DARK BLOOD REVERSE

 サーザムを離れて七日目、偉男[イオ]たちが目指すイルム・ザーンまであと少しである。近くに宿場町がないため、今日は森の中
での野宿となった。
「偉男さん、大丈夫ですか?なんだか顔色がすぐれないようですけど…」
 そう言ったのは彼と共に旅をしてきた仲間の一人、ティナである。この二人以外はすでにテントで眠りについているようだ。
「ああ、大丈夫。寝れば治るよ」
「だけど、ここ数日体調がよくないじゃないですか」
「平気だって。それにしても、ティナが倒れなくなったってのに、今度は俺がこんな調子じゃシャレにならないよな」
「‥‥‥‥」
「あっ、ごめんごめん。君の前ではこのことは禁句だったね」
「い、いいんです。私がしょっちゅう倒れてたことは事実ですし、それに私の正体が実は…」
「しっ!」
 偉男がティナを制した。
「それは言わない約束だろ?君が何者でも俺は気にしないよ。それに、このことを知ってるのは俺と君、それとカイルだけなんだ。他
の人には知られないようにしなくちゃな」
「はい、すいません…」
「わかればいいよ。それじゃあ、今日はもう寝た方がいい。明日も早いんだし」
「はい。じゃあ、おやすみなさい」
 そしてティナはテントの方へ歩いていった。残った偉男は−。
「それにしても、何だってここに来てこんなに体調が悪くなったんだろう…うっ!?」
 突然、偉男の体から力が抜けていった。
「こ…これはいったい…とにかく、何かここにいちゃまずい気がする…!」
 理由はわからないがそんな予感が偉男の胸をよぎった。彼の足はいつの間にか森の奥へと向かっていた。

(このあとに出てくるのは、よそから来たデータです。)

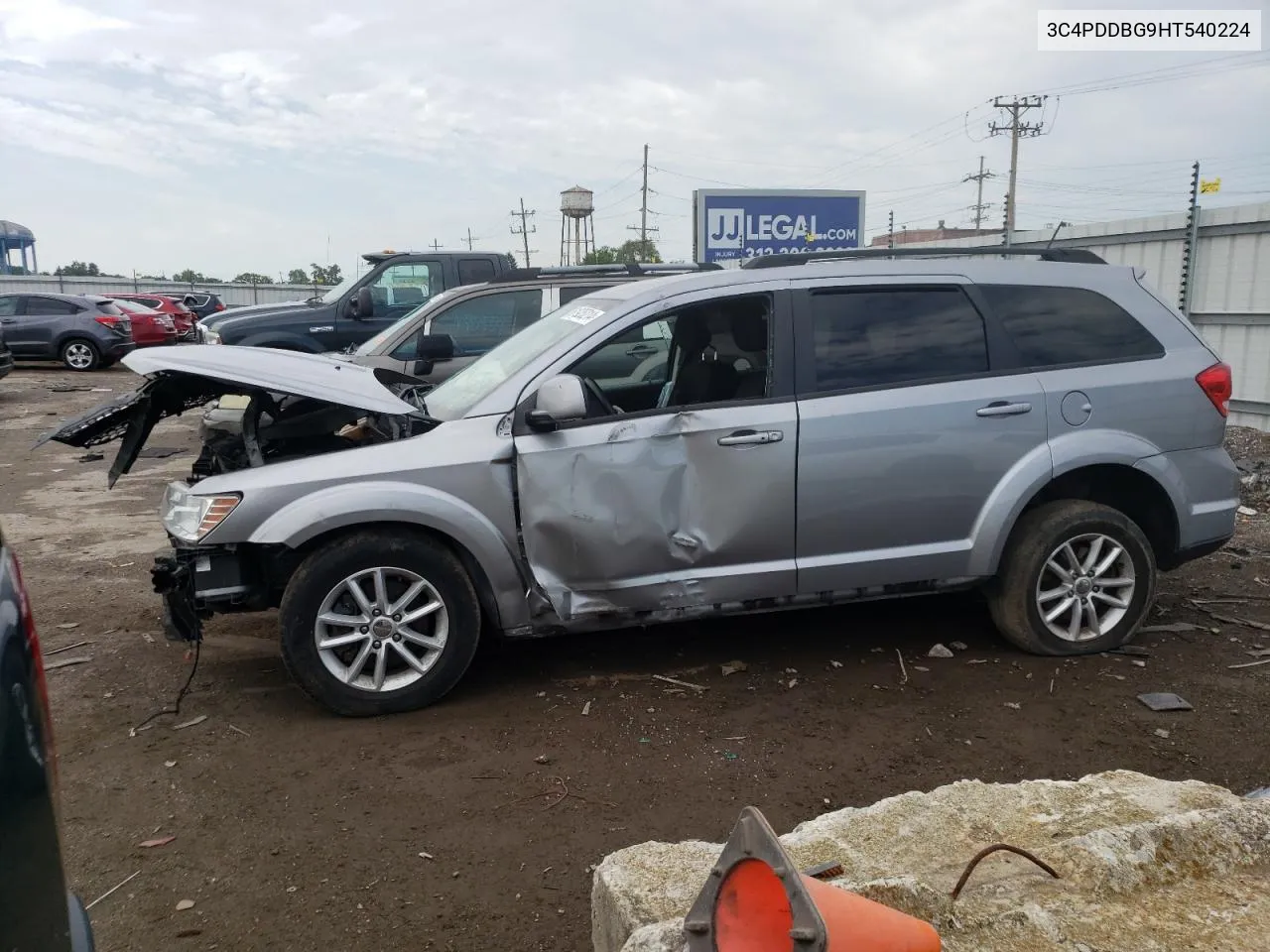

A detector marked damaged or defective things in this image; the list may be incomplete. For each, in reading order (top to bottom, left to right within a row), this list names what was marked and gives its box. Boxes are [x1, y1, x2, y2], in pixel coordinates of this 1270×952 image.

damaged silver suv [45, 250, 1234, 721]
dented door panel [513, 404, 792, 622] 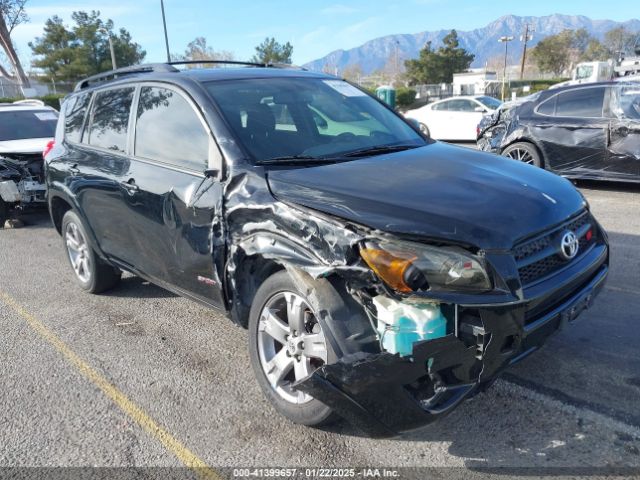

「くそう、何なんだよこれは…頭もどんどん痛くなってくるし…」
 そう言った偉男の体が急に軽くなった。意識も薄れていく。
(くそ…俺は死ぬのか…!?)
 そしてとうとう偉男の体は動かなくなった。だが、死よりも恐ろしい恐怖が彼の肉体を襲うことを偉男は知らなかった。

「偉男さーん、どこにいるんですか?」
 ティナの声が森の中に響く。深夜に目を覚ました彼女が、偉男がいないことに気づき彼を探しに来たのだ。
「偉男さん、どこに行っちゃったのかしら…」
 そんなことを言いながらティナは森を進んでいったが、ようやく森の中で切り株に腰掛けている偉男を見つけた。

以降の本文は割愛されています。